Preti-influencer - Ma se le tradizioni rimangono ben radicate, è evidente che anche il clero negli ultimi anni ha cercato di modernizzarsi. Diversi preti hanno ad esempio iniziato a utilizzare i social media per diffondere contenuti religiosi, e alcuni di loro, anche nella vicina Italia, hanno accumulato centinaia di migliaia di follower. «Anch’io utilizzo i social e alcuni di questi preti li conosco di persona», sottolinea Don Davide. «Posso testimoniare che fanno davvero una buona missione di evangelizzazione, nel senso che tante persone possono entrare in contatto con la parola di Dio attraverso questi canali, e ben venga se una persona può sentirsi accolta dalla Chiesa in questa modalità. Il messaggio che vuole veicolare la Chiesa resta lo stesso, ma vogliamo essere capaci di diffonderlo anche attraverso mezzi di comunicazione più attuali».
Anche il neo sacerdote, in effetti, utilizza i social media: «Sono Don Davide anche sul mio profilo e mi piace condividere le varie tappe del mio percorso. Non credo però di avere il carisma adatto per produrre contenuti ogni giorno ed essere così tanto attivo sui social».
L'ombra degli abusi - C'è però un tema specifico che, oggi più che mai, preoccupa i fedeli: quello degli abusi sessuali nella Chiesa. Un anno fa, lo ricordiamo, è stato pubblicato il rapporto dell’Università di Zurigo sugli abusi sessuali nella Chiesa svizzera, il quale ha rivelato oltre un migliaio di casi tra il 1950 e il 2022. Recentemente un prete ticinese, nonché insegnante al Collegio Papio di Ascona e al Liceo di Savosa, è inoltre stato arrestato per sospetti abusi su un minore.

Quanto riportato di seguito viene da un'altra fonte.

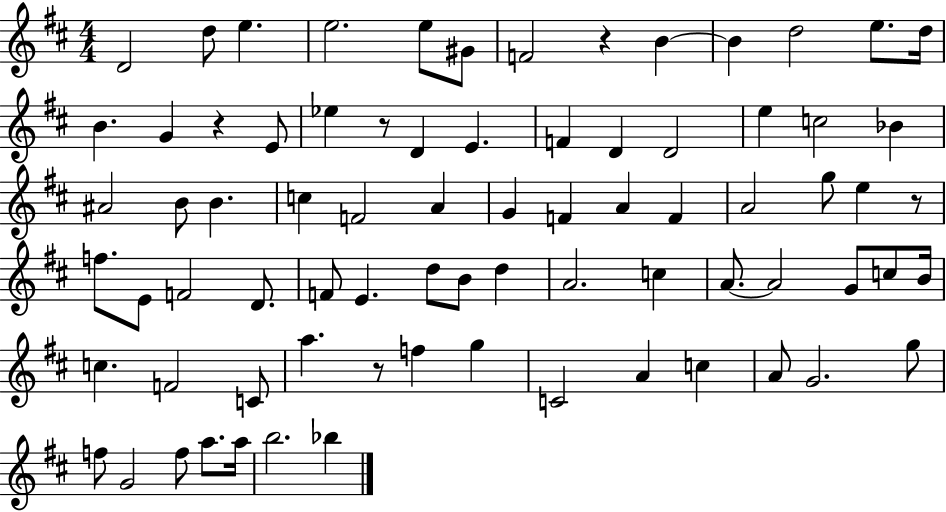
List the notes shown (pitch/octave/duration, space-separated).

D4/h D5/e E5/q. E5/h. E5/e G#4/e F4/h R/q B4/q B4/q D5/h E5/e. D5/s B4/q. G4/q R/q E4/e Eb5/q R/e D4/q E4/q. F4/q D4/q D4/h E5/q C5/h Bb4/q A#4/h B4/e B4/q. C5/q F4/h A4/q G4/q F4/q A4/q F4/q A4/h G5/e E5/q R/e F5/e. E4/e F4/h D4/e. F4/e E4/q. D5/e B4/e D5/q A4/h. C5/q A4/e. A4/h G4/e C5/e B4/s C5/q. F4/h C4/e A5/q. R/e F5/q G5/q C4/h A4/q C5/q A4/e G4/h. G5/e F5/e G4/h F5/e A5/e. A5/s B5/h. Bb5/q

«C'è volontà di cambiare e assumersi le colpe» - «Il fatto che lo studio dell’Università di Zurigo è stato voluto dalla Chiesa (venne commissionato dalla Conferenza dei vescovi svizzeri ndr.) e che c’è stata trasparenza rispetto ai casi di abusi emersi più o meno recentemente dimostra che c’è volontà di cambiare, di riconoscere gli errori fatti e di assumersi le responsabilità e le colpe, il che è già un grande passo», sottolinea Don Davide. «Non ho una ricetta risolutiva, e niente potrà riparare le sofferenze delle vittime, ma penso che ogni passo che viene fatto è importante».
Qualcosa, intanto, sembra muoversi. «Durante la mia formazione ho seguito un Corso di prevenzione agli abusi, organizzato dalla Diocesi di Lugano in collaborazione con la Fondazione ticinese per l’aiuto, il sostegno e la protezione dell’infanzia (ASPI)», ci dice infine il neo sacerdote. «Quest'anno tutti i preti e i seminaristi ticinesi dovranno inoltre seguire un corso di aggiornamento».